_About this exercise_
Scan the records beneath this line for the line holding "Gasket set engine" and the line holding "Pinta con diamantes El Rey Leon Disney", then transcribe exactly those two and all lines between.

_Provided records_
--- START ---

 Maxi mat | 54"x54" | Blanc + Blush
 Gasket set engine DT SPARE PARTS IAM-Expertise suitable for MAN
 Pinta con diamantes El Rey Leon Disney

--- END ---
--- START ---

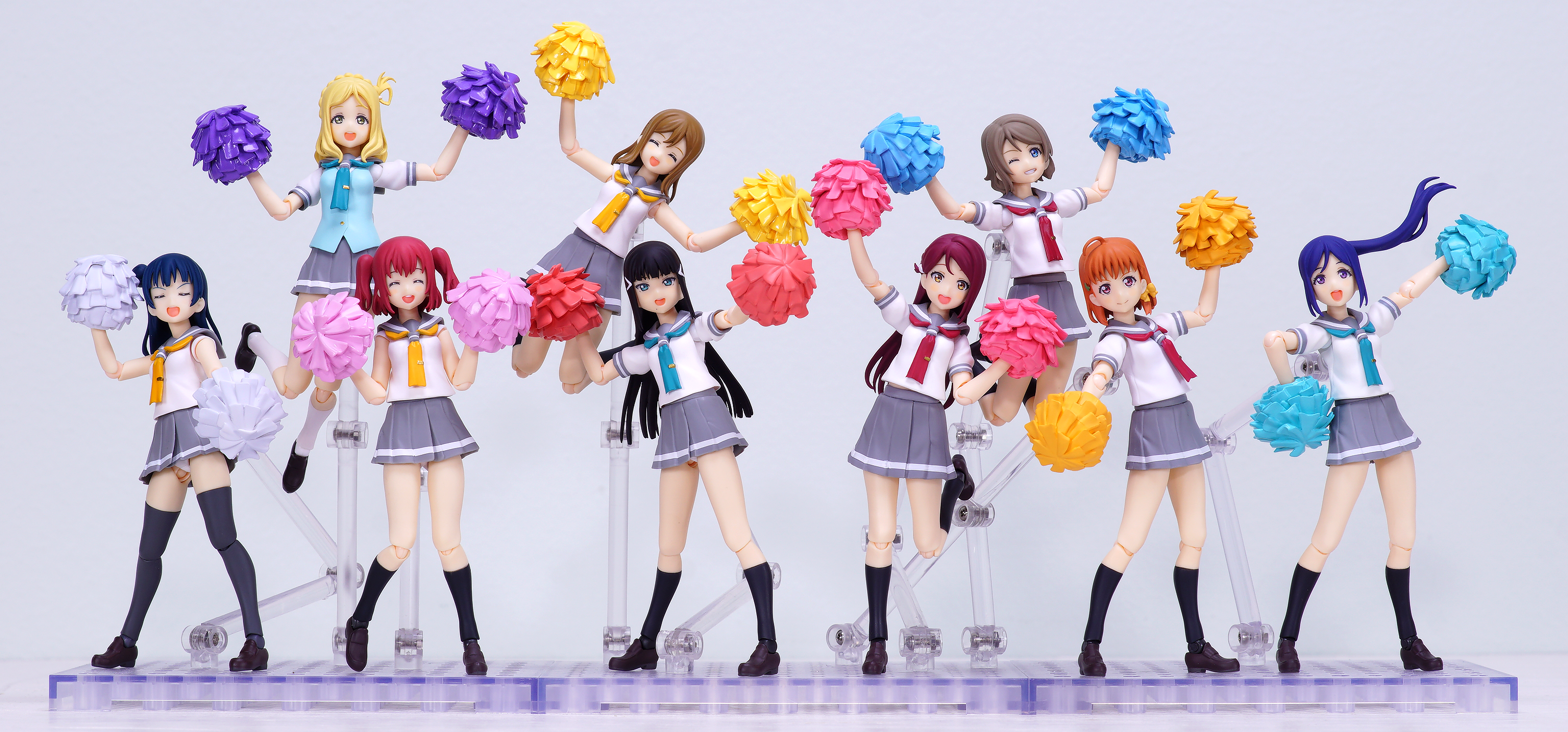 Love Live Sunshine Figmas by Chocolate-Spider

--- END ---

_Reply to the exercise_
 Gasket set engine DT SPARE PARTS IAM-Expertise suitable for MAN
 Pinta con diamantes El Rey Leon Disney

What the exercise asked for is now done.